Genau das haben wir gemacht und nehmen uns heute mal speziell Nordrhein-Westfalen vor. Unser Interesse gilt natürlich der Frage, wie sich die Gewalt gegen Kindern im Corona Jahr entwickelt hat. Die Öffentlichkeit wurde im Laufe von 2020 und auch in diesem Jahr oft genug an das Schicksal der Kinder im Lockdown (ohne sichtbare Ergebnisse) hingewiesen.
Die ersten offiziellen Zahlen zum Kinderschutz während Corona kamen kürzlich von der Arbeitsstelle Kinder- und Jugendstatistik (AKJStat). In der entsprechenden Studie wurden die
Verfahrenszahlen der teilnehmenden Jugendämter ausgewertet mit einem nicht ganz eindeutigem Ergebnis. Dazu mehr hier. Um so interessanter ist nun die Perspektive der Polizei.
In der Presse-Mitteilung der Polizei NRW zur PKS 2020 heißt es optimistisch, dass sich der erfolgreiche Trend bei der Bekämpfung der Kriminalität fortsetzt. “Kriminalität in NRW weiter auf Tiefstand”. Das ist super. Ganz kurz erwähnt die Presse-Mitteilung ganz zum Schluss den Anstieg im Bereich Kinderpornographie (4.776 Fälle, +102,5%!!) und Kindesmissbrauch (3.553 Fälle, +19,5%).
Seltsamerweise wird der Bereich Misshandlung von Kindern (Schlüssel 223100) in dieser traurigen Reihe der Gewalt gegen Kinder ausgelassen. Nun, es waren “gerade mal” 684 bekannt gewordenen Fälle.
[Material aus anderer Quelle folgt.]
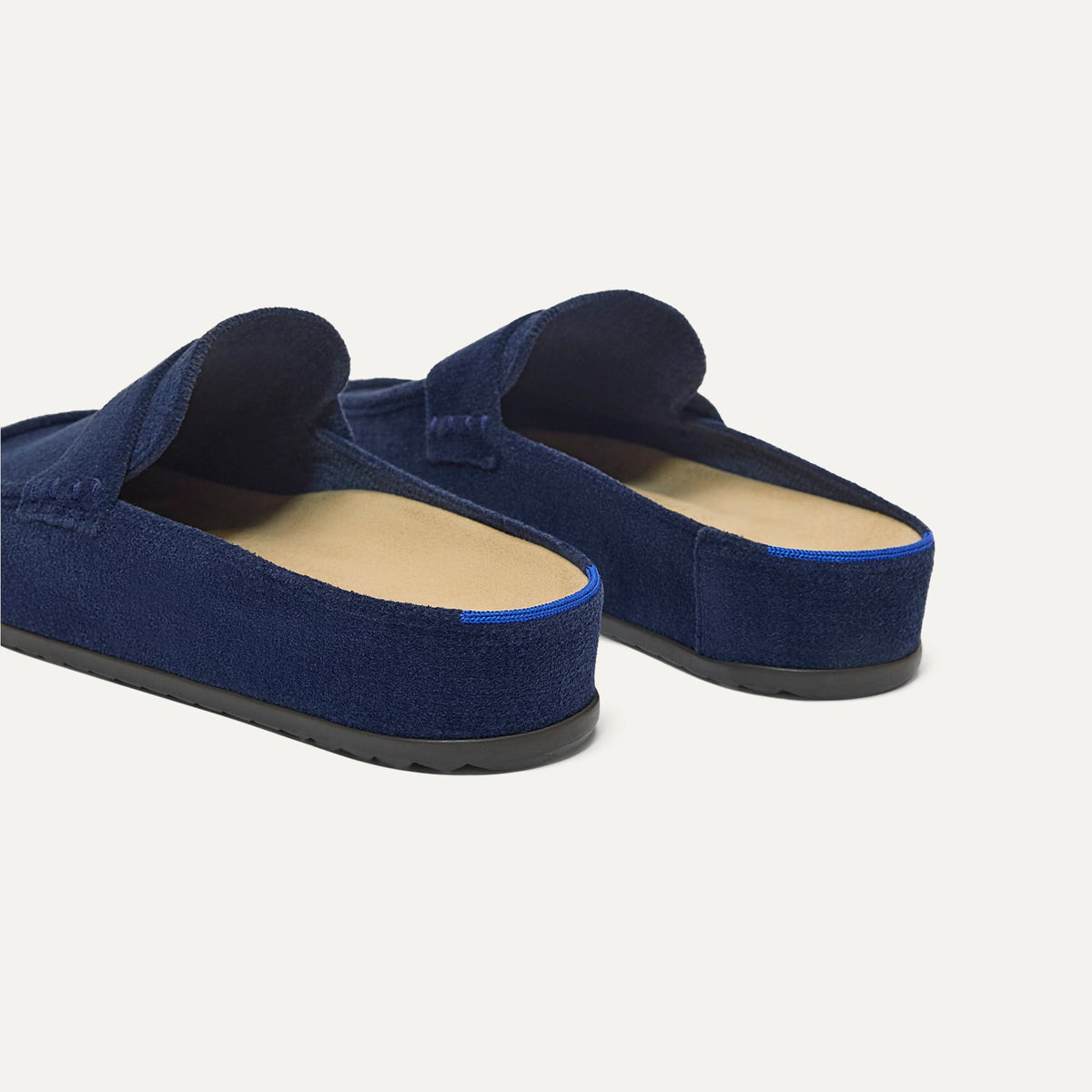 Close up of the heel of The Penny Clog in ReVelvet™ Navy, with Rothy's signature blue halo.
Im Jahresvergleich liegt auch hier ein Anstieg vor und zwar von 604 auf die besagten 684 Fälle. Das ist ein Anstieg von +13,24% bei den absoluten Fallzahlen. Es ist der höchste Punkt und der höchste relative Anstieg in der Zeitreihe für Nordrhein-Westfalen seit 2013.

Ein Blick auf die Zahlen in Relation zu der Bevölkerung in NRW ist aktuell noch nicht möglich, da die aktuellen Bevölkerungszahlen für 2020 eben noch nicht vorliegen. Nach unserer Berechnung lag die Zahl der Fälle in 2019 bei 24,23 pro 100.000 Kinder unter 14 Jahren. Setzt man heute als Schätzung die gleiche Zahl der Kinder in NRW an, kämen wir auf *27,44 geschätzte Fälle pro 100.000 Kinder.
„Die Fälle sind nicht mehr geworden, wir sehen sie nur endlich. Der Anstieg ist ein trauriges Arbeitszeugnis unserer Anstrengungen. Weil wir hinsehen und konsequent verfolgen, finden wir mehr. Wir hellen das Dunkelfeld auf.”, wird der Innenminister Reul zitiert.
Das stimmt unserer Meinung nach zum Teil. Ja, ein Anstieg der bekannten Fälle in einem Bereich mit einem großen Dunkelfeld kann positiv interpretiert werden. Dass die nicht bekannten Fälle “nicht mehr geworden” sind, ist dagegen eine gewagte Aussage, für die wir keine konkreten Anhaltspunkte sehen.